Countries need to break free of US dominance of semiconductor industry, says Alibaba’s Jack Ma

Alibaba has invested in five semiconductor firms in the last four years

PUBLISHED : Wednesday, 25 April, 2018, 10:18pm
UPDATED : Thursday, 20 September, 2018, 1:38pm

The co-founder of Chinese e-commerce giant Alibaba Group Holding, Jack Ma Yun, said nations from Japan to China needed to develop their own semiconductor technology to get around America’s grip on the global chip market.

Ma, explaining his company’s growing interest in chips, including this month’s acquisition of local design house Hangzhou C-Sky Microsystems, said he was motivated in part by a desire to make chips “inclusive” – cheap, efficient and available to all. He said his company had invested in five semiconductor firms in the past four years.

“America was the early mover and China, we need a lot of things. 100 per cent of the market for chips is controlled by Americans,” he told students and entrepreneurs at Japan’s Waseda University. “And suddenly if they stop selling – what that means, you understand. And that’s why China, Japan, and any country, you need core technologies.”

Ma’s comments dovetail with the views of Chinese business leaders and politicians.
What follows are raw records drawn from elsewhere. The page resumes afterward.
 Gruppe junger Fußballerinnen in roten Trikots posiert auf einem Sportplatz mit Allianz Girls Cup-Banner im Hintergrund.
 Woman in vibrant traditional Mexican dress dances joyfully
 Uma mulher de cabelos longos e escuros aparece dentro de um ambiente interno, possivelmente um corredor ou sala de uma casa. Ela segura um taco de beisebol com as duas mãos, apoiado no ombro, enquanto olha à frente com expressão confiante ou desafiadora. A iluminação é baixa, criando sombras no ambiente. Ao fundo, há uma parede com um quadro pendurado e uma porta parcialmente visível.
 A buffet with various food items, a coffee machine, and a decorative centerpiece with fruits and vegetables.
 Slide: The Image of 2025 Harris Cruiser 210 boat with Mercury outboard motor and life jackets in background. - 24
Ma joins industry peers such as Tencent Holdings founder Pony Ma in espousing a world-class domestic chip industry as tensions simmer with the US, the global leader in semiconductor technology.

Semiconductors lie at the heart of a spat between the world’s two largest economies, a dispute that has swollen tariffs, chilled Chinese investments in American companies and hampered China’s development of technologies from fifth-generation wireless to artificial intelligence.
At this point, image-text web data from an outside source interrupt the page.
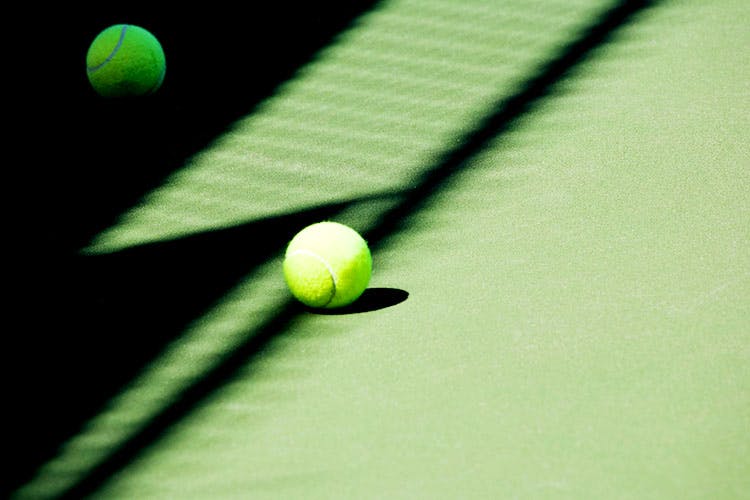 Green,Ball,Sports equipment,Sport venue,Tennis court,Tennis ball,Line,Table,Tennis Equipment,Real tennis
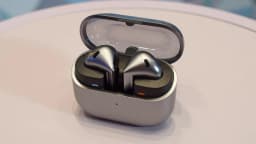 Samsung Galaxy Buds 4 and Buds 4 Pro in their charging case with blue and orange indicators.
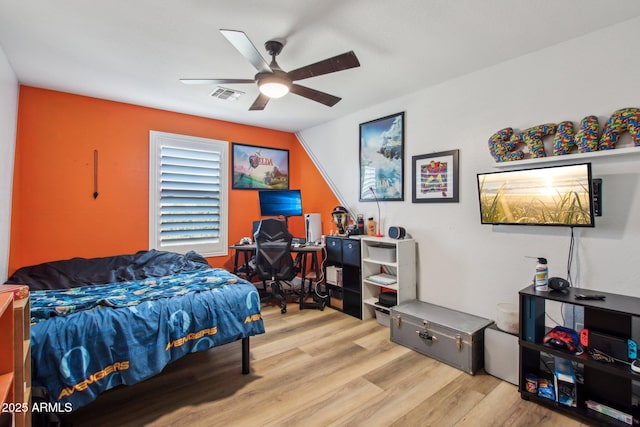 bedroom featuring vaulted ceiling, ceiling fan, and light hardwood / wood-style floors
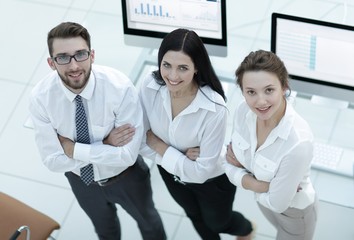 successful business team standing near workplace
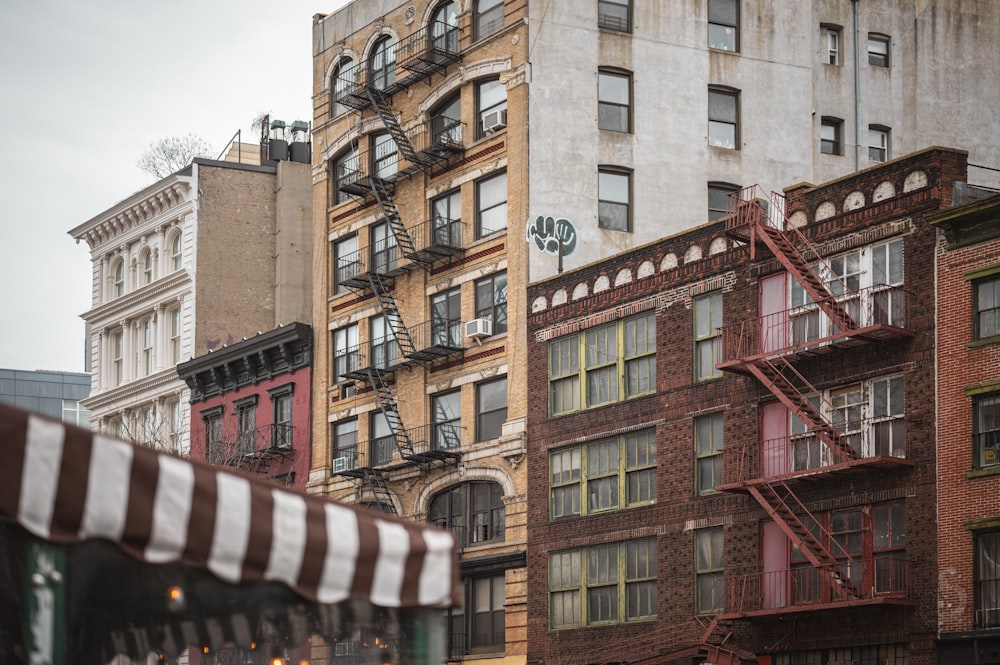 a group of buildings with fire escapes on the top of them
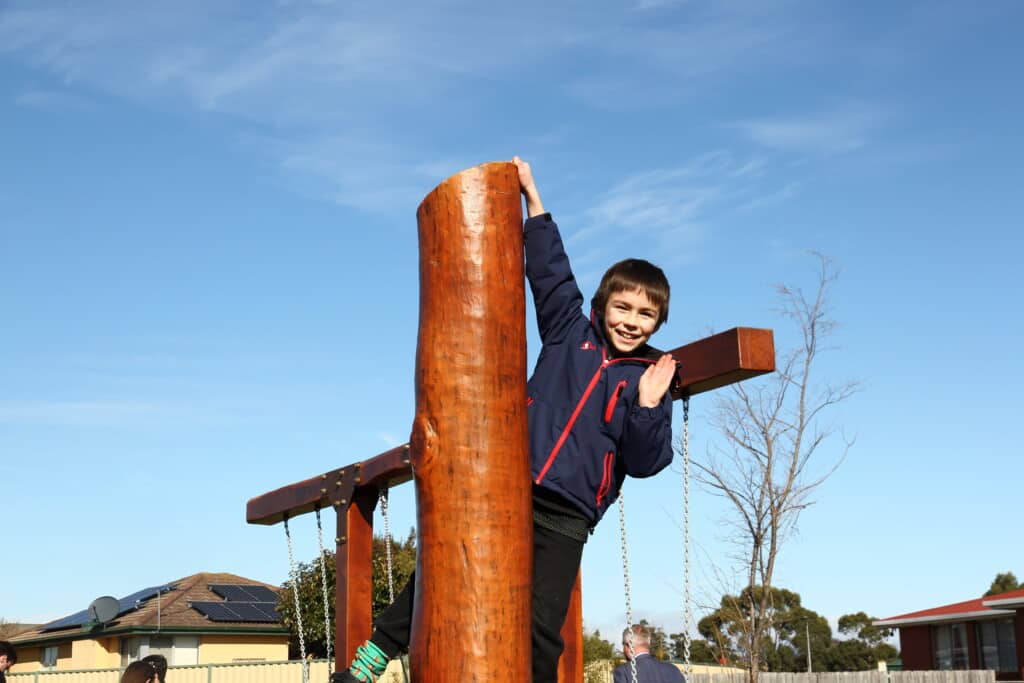 A child waves from a height on a climbing pole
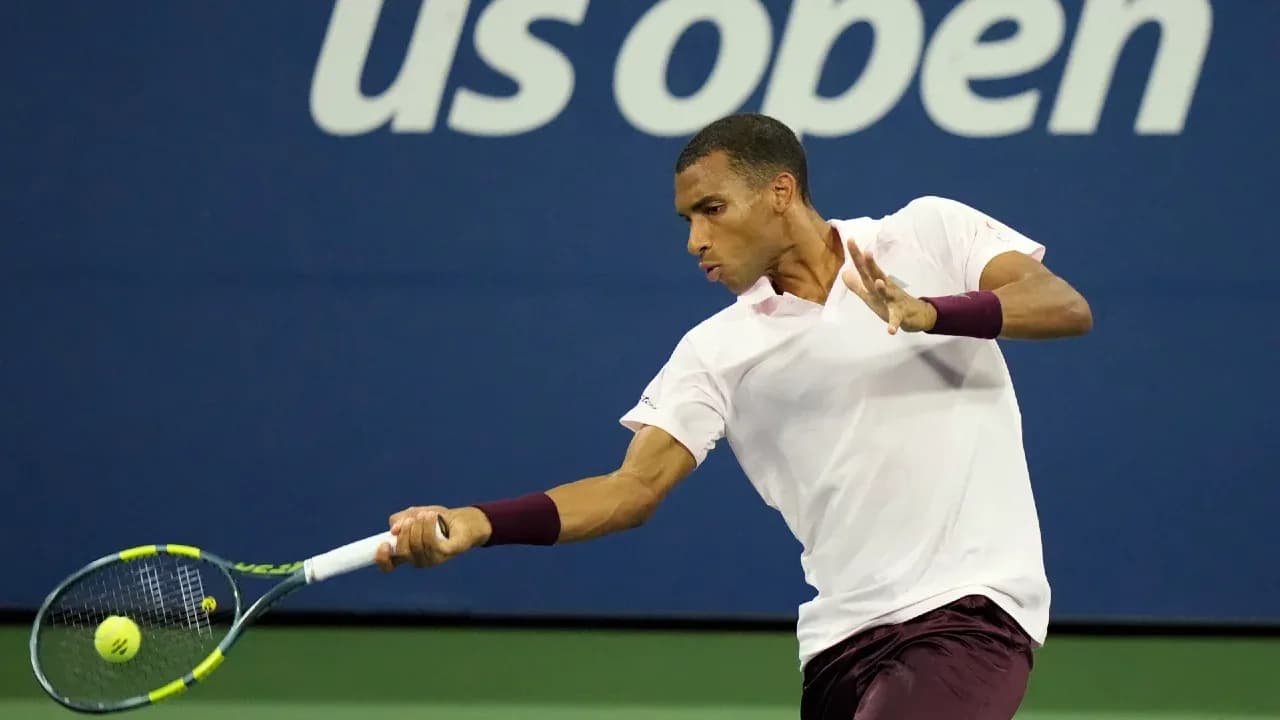 Player hitting a backhand shot at US Open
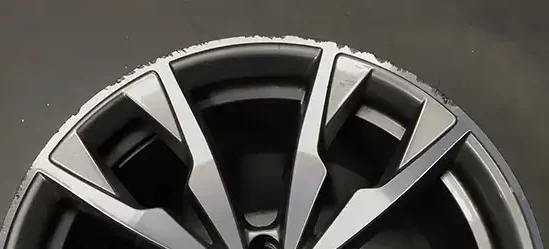Closeup of a damaged diamond cut alloy wheel before a repair.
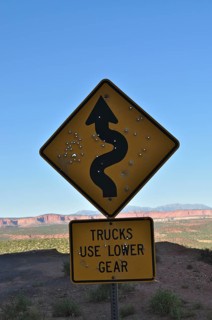 A road sign with serpentines strewn with bullet holes in a bare landscape with rolling hills in the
The US government is even reviewing the possible use of a 1977 law under which President Donald Trump could declare a national emergency, block transactions and seize assets. Along with the US blacklisting of Chinese telecoms firm ZTE for seven years, that only reminded Beijing of the urgent need to whittle down its dependency on American technologies.

US semiconductor makers dwarf Chinese peers in market valuation as China’s chip dream remains distant

The action taken against ZTE has ironically given a further boost to China’s existing plan to shell out some US$150 billion over 10 years to achieve a leading position in chip design and manufacturing – a vision that US executives and officials have repeatedly warned could harm American interests.

“We’re entering a world where people don’t trust each other. That’s why we have trade wars and so many problems,” Ma said. “But don’t give up. Trust isn’t just gained, it’s about building. And we can build.”